Arthur Oakes died in 1989, and I attended his funeral on a brisk spring day when the little churchyard was filled with daffodils. I remember him saying a few years earlier, ‘I was watching a stream flow into the river yesterday, and I thought, “This is what will happen to me when I die – a small stream joining the bigger river.”’

You can see Arthur above as he appeared in my book ‘Life in Britain in the 1930s‘ discussing how he thatched hay ricks – the photo of him also comes from the 1930s.

THE INTERVIEW
For this blog post, I’ve highlighted the extract from that interview which has always stayed clearly in my mind – Arthur’s personal memories of World War One, which shaped his subsequent views about war and poverty. It comprises the first quarter of the interview, slightly edited here for clarity, but with the aim of preserving Arthur’s voice. It’s been a moving experience, listening to that voice again.

World War One

CG Could you start off by telling me your earliest memories?

AO My earliest memories were really of the First World War. And the thing that struck me with horror, and has stayed with me ever since, was when the government, towards the end of this 1918 war –about 1917 – got into dire straits, and were requisitioning horses. They wanted them to go over to France and fight, and to pull the transport wagons and the ammunition. And I remember soldiers arriving in our farmyard and having all the horses rounded up and saying to my father, ‘We’re having that one, and that one, and that one.’ There were three that went, which were very much family pets. And one that was a carthorse. They just wrote out a chit to my father, and told him to take it somewhere or other to get his money. They said that the chit gave him the opportunity of having them back for free at the end of the war. Well, we never had them back at the end of the war – there wasn’t any end for those horses – only death.
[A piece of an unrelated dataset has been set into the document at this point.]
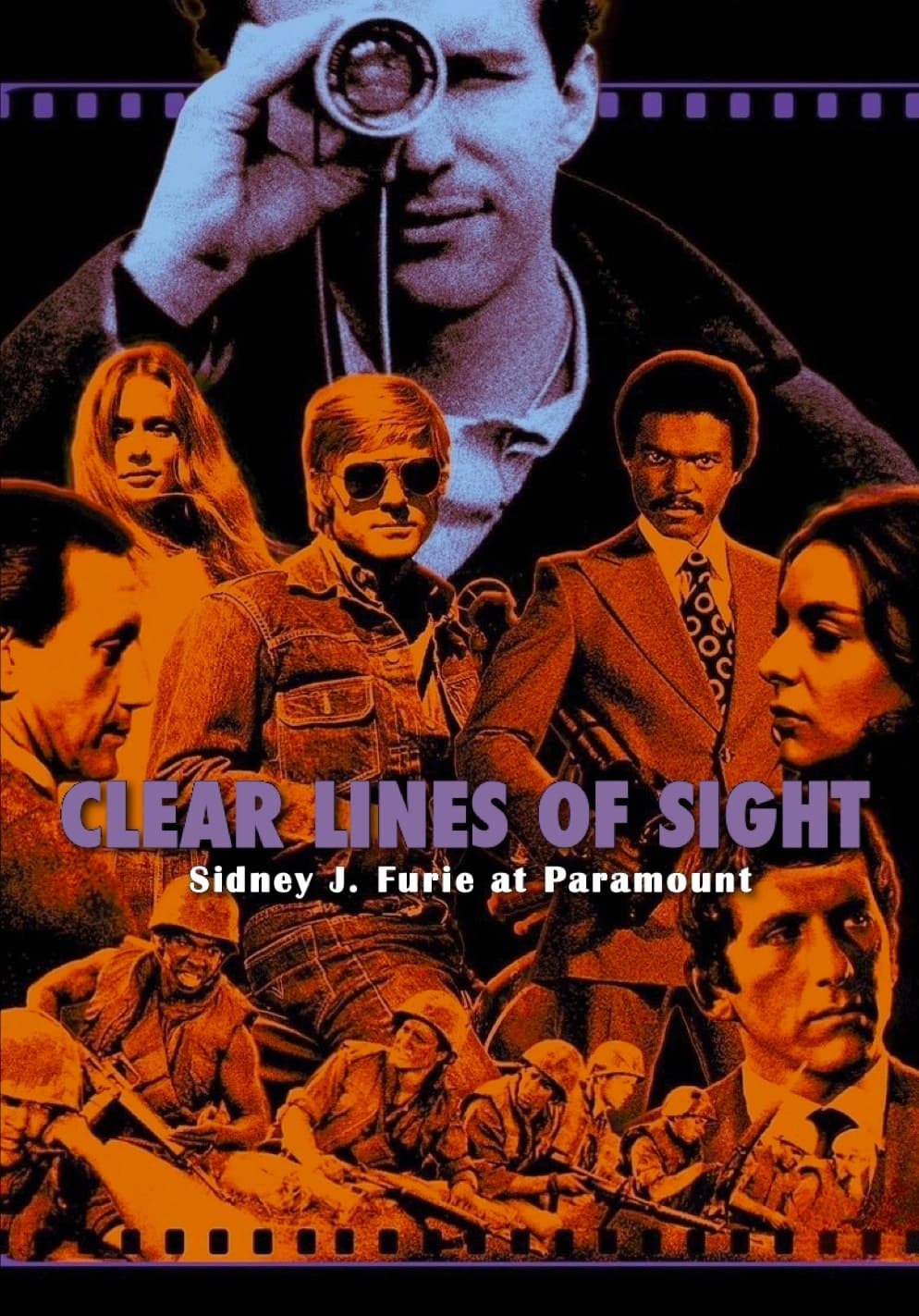 Clear Lines of Sight: Sidney J. Furie at Paramount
I remember the soldiers taking our horses, leading them away, and my father leaning up against the wall in the yard and weeping over it. These two ponies were extra special, you know – he’d brought them from Wales with him. He’d used them – he’d had generations of them and bred them down, sending them to special stallions, and they were little workhorses. The ponies took them [Arthur’s parents] to market, they did the shopping, they did the shepherding, they pulled the food around for the sheep, and my father said, ‘I shall never see them again.’ And it suddenly struck me that there was no excitement in war, or any war, there was just misery. Then my brothers went [to war] and it really hit home. I wouldn’t have been very old then.

CG – How old would you have been?

AO – Eight. And up till then, the war had been an excitement.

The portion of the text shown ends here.